**** EXTRACTED MATERIAL ****

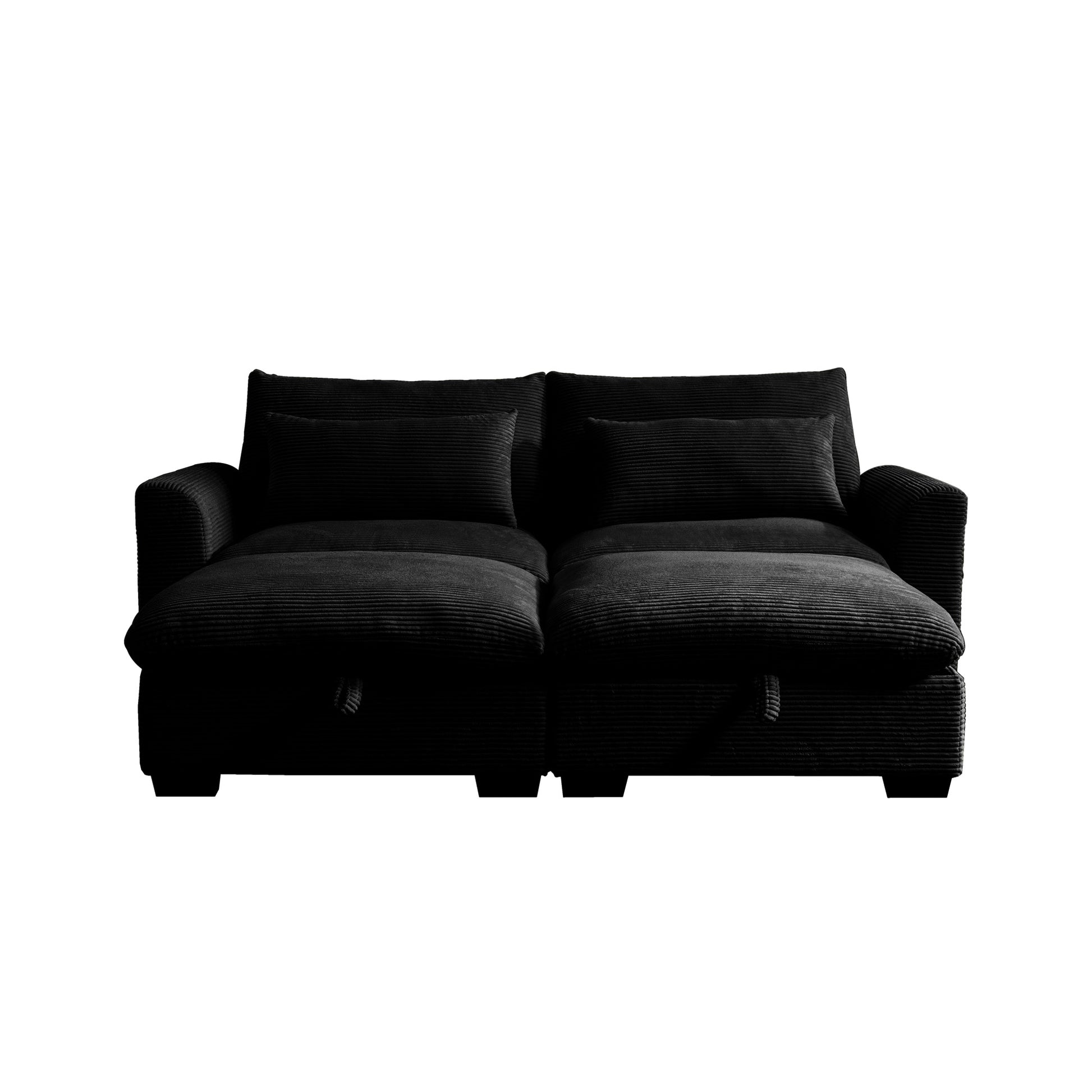 Corduroy Two Seater Sofa With 2 Storage Footrest,2 Seater Sectional Deep Seat Sofa,Comfy Couches For Living Room,Black Sofa Black Corduroy 2 Seat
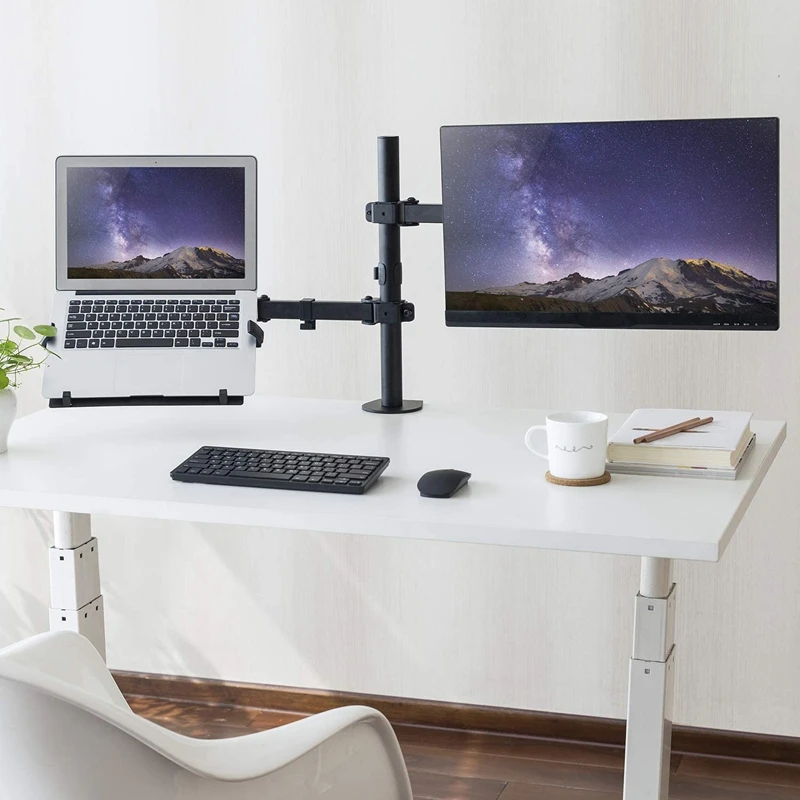 

RETYLY-Laptop Mount Tray for Monitor Arms and Stands (Tray Only) Notebook Arm Mount Tray Fits 75X75 and 100X100mm VESA Mount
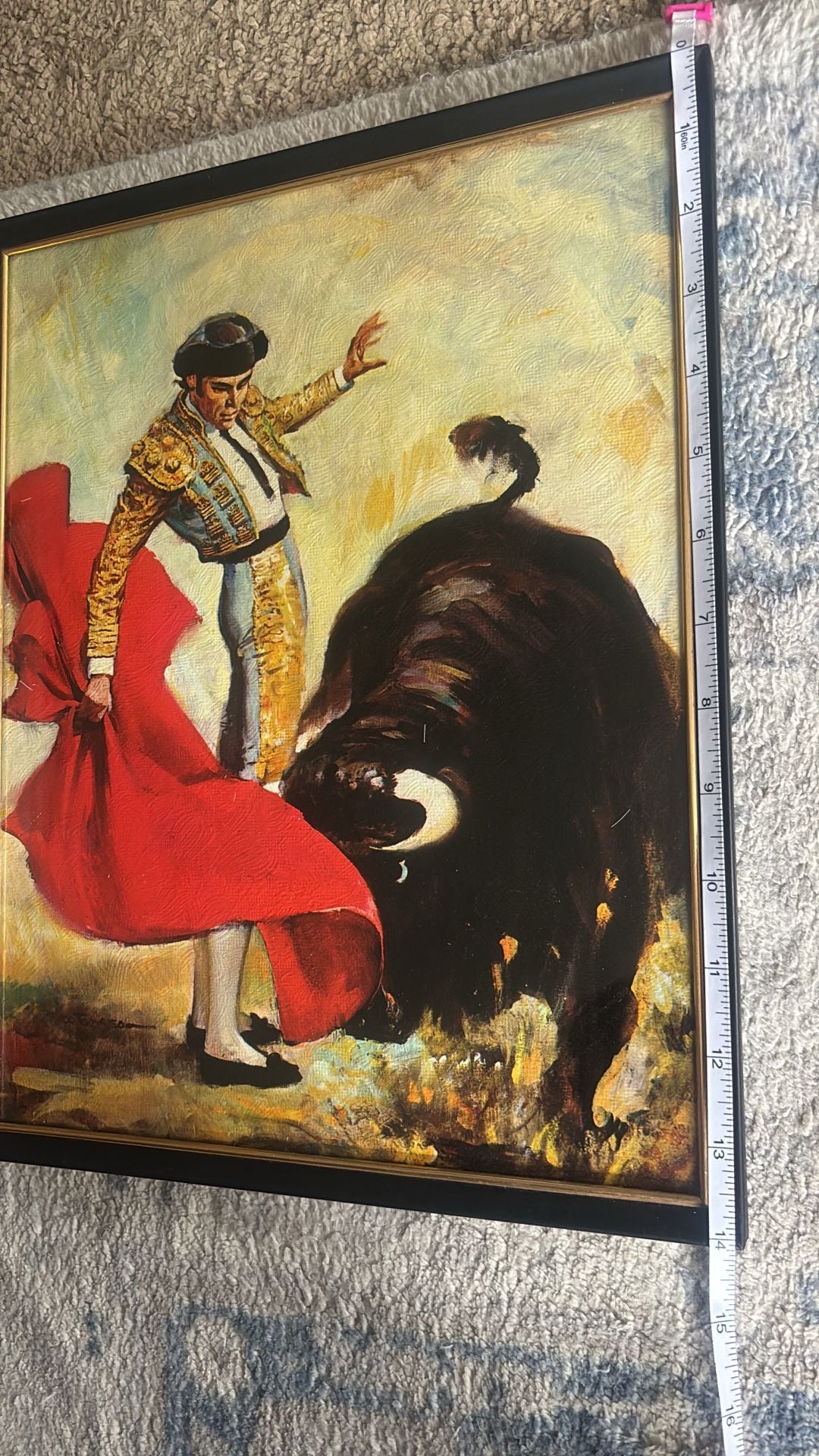 Vintage Rico Tomaso Framed Matador Bullfighter Canvas Textured Lithograph 6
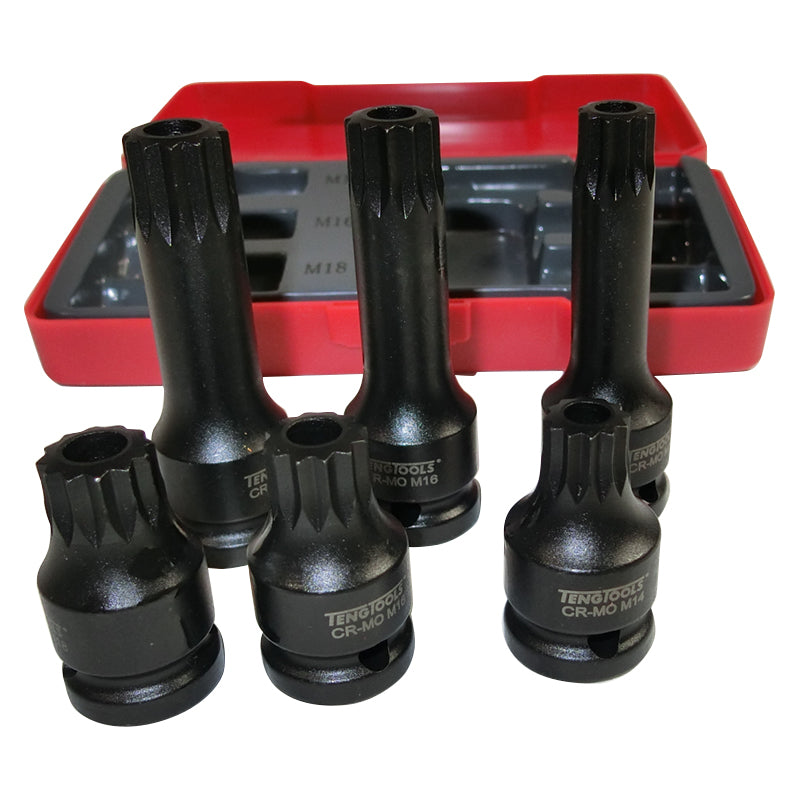 Teng Tools Impact Spline XZN Socket Set 6 Piece T9206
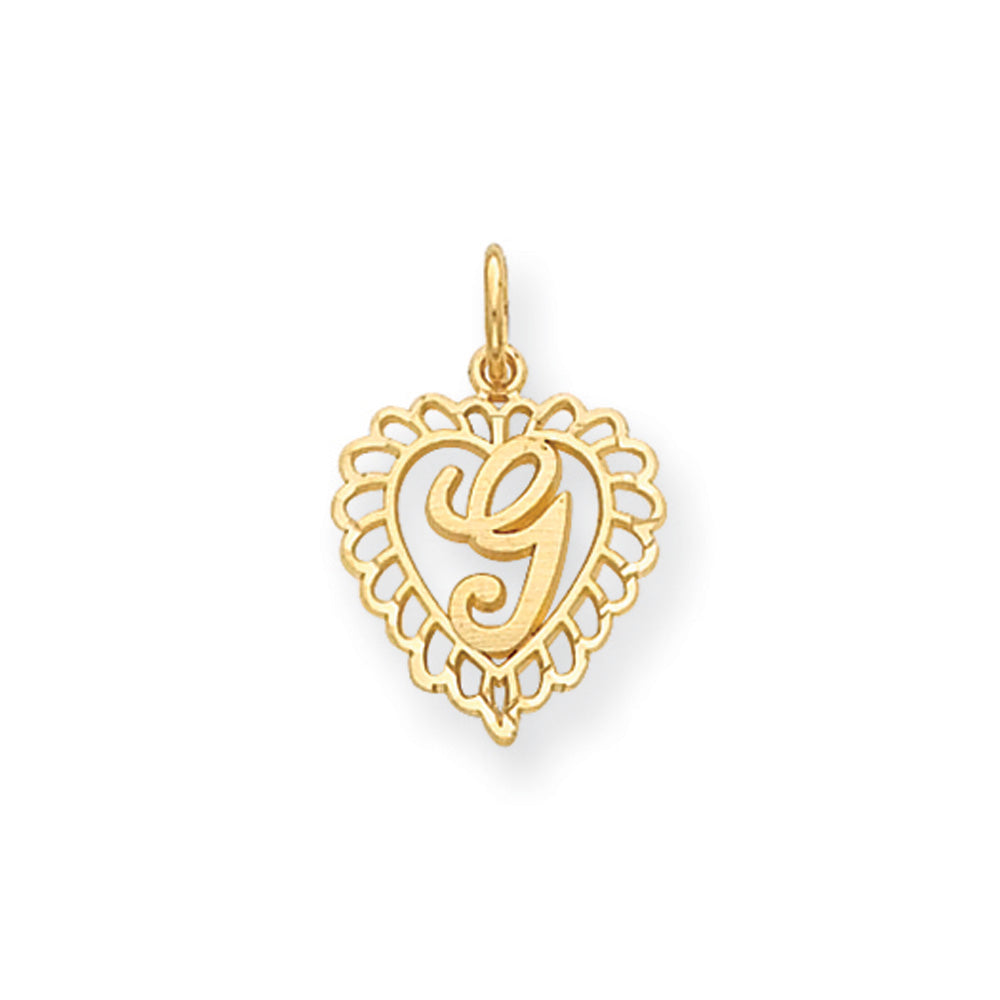 14k Yellow Gold, Grace Collection, Satin Heart Initial G Pendant, 15mm, Item P10425-G by The Black Bow Jewelry Co.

****

AIM OF THE EXERCISE: Exclude the pictures and print the rest of the data exactly.

REPLY TO THE EXERCISE:
 Corduroy Two Seater Sofa With 2 Storage Footrest,2 Seater Sectional Deep Seat Sofa,Comfy Couches For Living Room,Black Sofa Black Corduroy 2 Seat

RETYLY-Laptop Mount Tray for Monitor Arms and Stands (Tray Only) Notebook Arm Mount Tray Fits 75X75 and 100X100mm VESA Mount
 Vintage Rico Tomaso Framed Matador Bullfighter Canvas Textured Lithograph 6
 Teng Tools Impact Spline XZN Socket Set 6 Piece T9206
 14k Yellow Gold, Grace Collection, Satin Heart Initial G Pendant, 15mm, Item P10425-G by The Black Bow Jewelry Co.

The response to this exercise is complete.